Information provided →
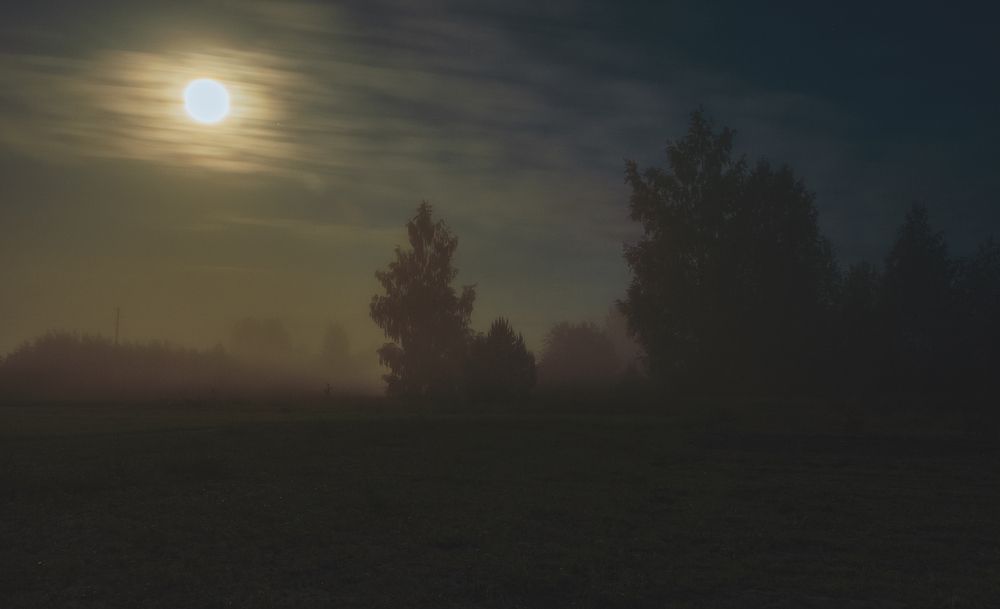 Фотография автора Марис Анкевицс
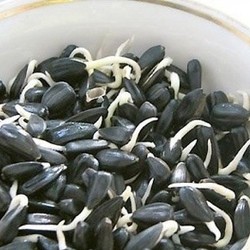 Пророщенные семена подсолнечника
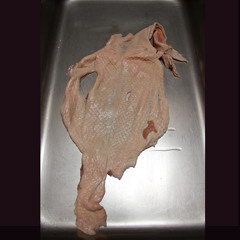 In the Kitchen getting SH!T done \m/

What the task asks → The copy must begin at the line containing "Пророщенные семена подсолнечника" and end at the last line of the data above, with every line retyped exactly and no pictures included.

Exercise result →
 Пророщенные семена подсолнечника
 In the Kitchen getting SH!T done \m/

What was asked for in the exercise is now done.